# EXERCISE REQUIREMENTS
Repeat the data that follows verbatim. Images are not part of the copy.

::: PROVIDED INFORMATION

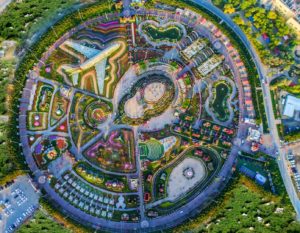 дубайский чудо сад, куда поехать на выходных в дубай, Парк цветов "Dubai Miracle Garden",Dubai Miracle Garden, парк цветов в Дубай, куда поехать на выходные заграницей, куда поехать на выходные в европе
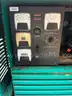 Cummings/Onan Generator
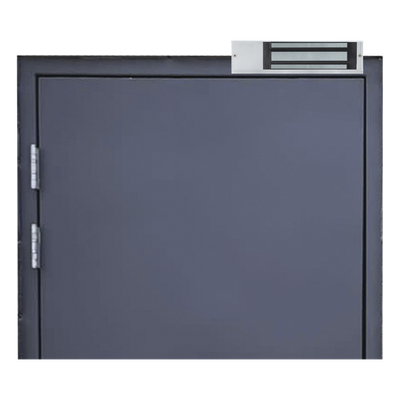 Vista 4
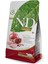Prime Tahılsız Tavuk ve Nar Kısır Kedi Maması 1,5kg Chicken Pomegranate Neutered 1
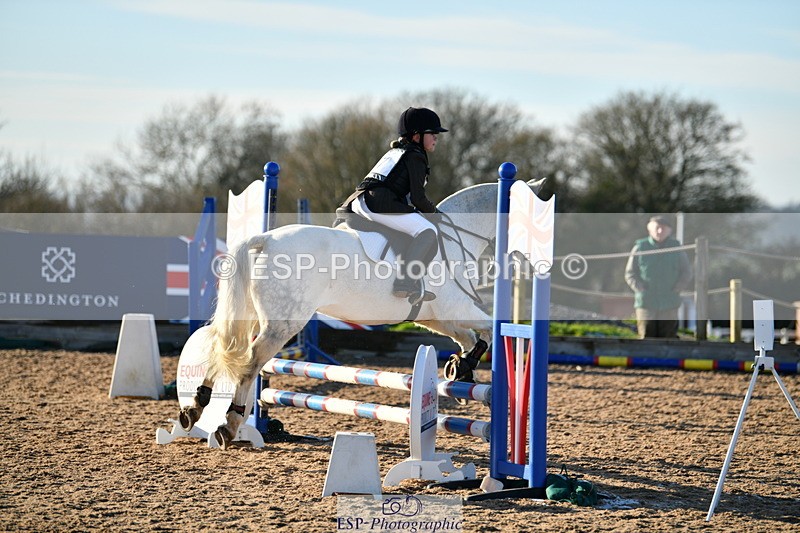 231202A-142244-01848 - Cls 03 60cm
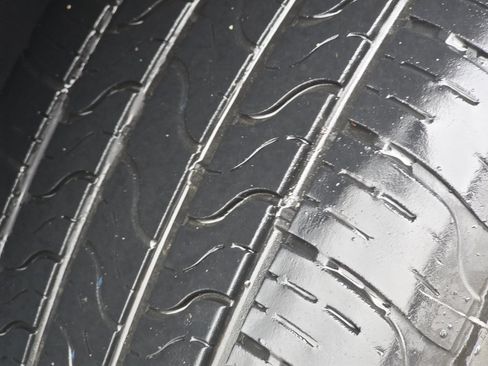 Used 2024 Buick Encore GX Sport Touring image 14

::::::

# YOUR SOLUTION
 дубайский чудо сад, куда поехать на выходных в дубай, Парк цветов "Dubai Miracle Garden",Dubai Miracle Garden, парк цветов в Дубай, куда поехать на выходные заграницей, куда поехать на выходные в европе
 Cummings/Onan Generator
 Vista 4
Prime Tahılsız Tavuk ve Nar Kısır Kedi Maması 1,5kg Chicken Pomegranate Neutered 1
 231202A-142244-01848 - Cls 03 60cm
 Used 2024 Buick Encore GX Sport Touring image 14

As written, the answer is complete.